**DATA SECTION:**
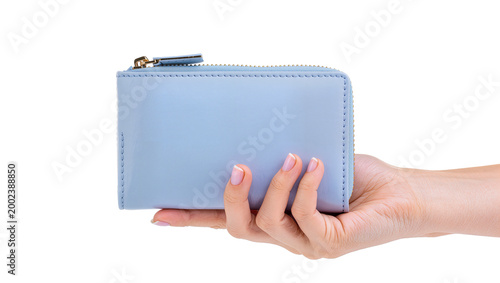 Konstfotografi Isolated fashionable light blue small wallet held by a woman's hand, close-up sh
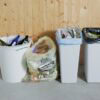 Four different trash cans in a row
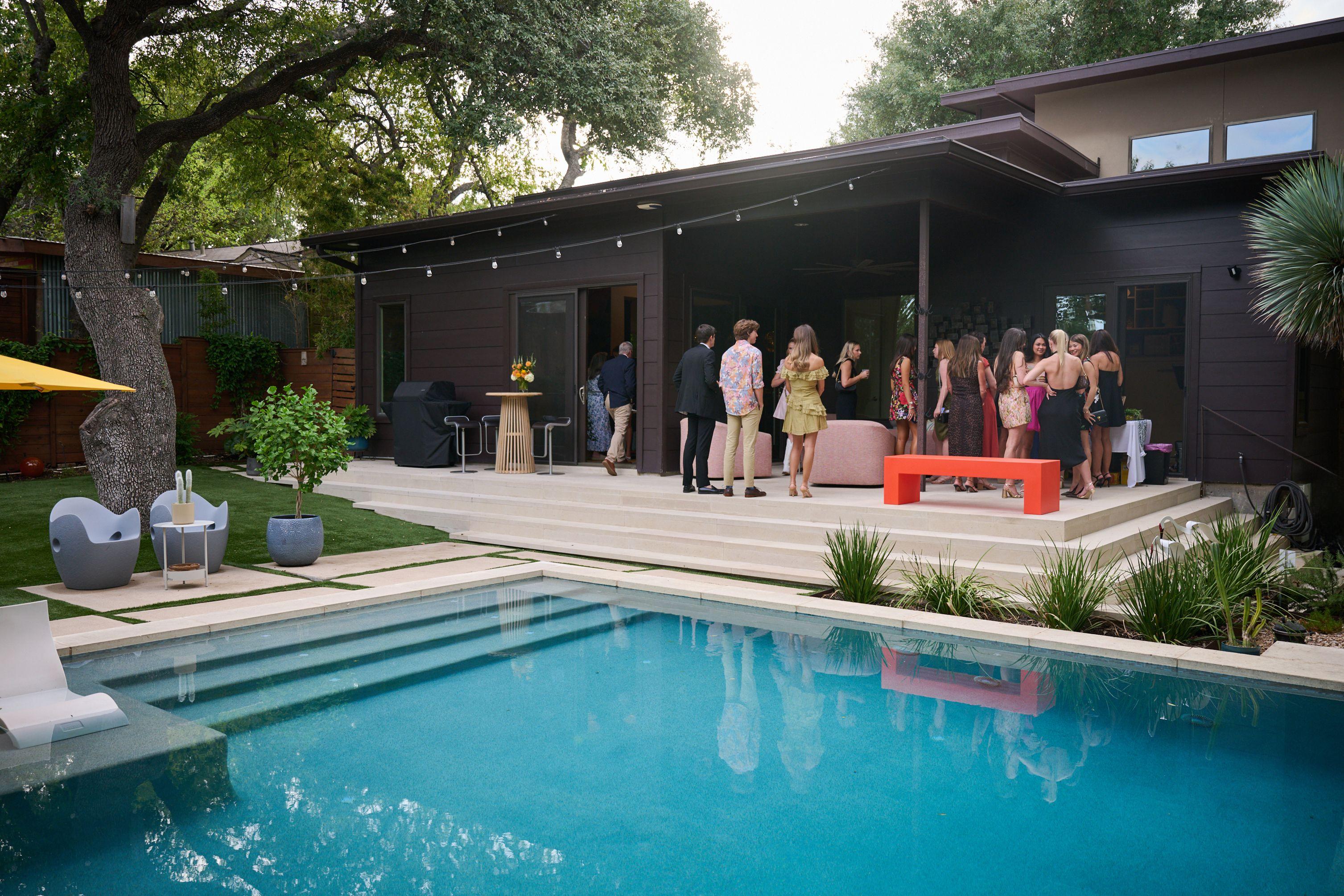 Backyard party seen across a lit swimming pool, guests gathered on the terrace beyond — Formal Celebrations photography, Austin A backyard party seen across a lit swimming pool, guests gathered on the terrace beyond.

**HOW TO COMPLETE THIS TASK:** Please set down each line of the data above exactly as written, without the pictures.

**EXPECTED ANSWER:**
 Konstfotografi Isolated fashionable light blue small wallet held by a woman's hand, close-up sh
 Four different trash cans in a row
 Backyard party seen across a lit swimming pool, guests gathered on the terrace beyond — Formal Celebrations photography, Austin A backyard party seen across a lit swimming pool, guests gathered on the terrace beyond.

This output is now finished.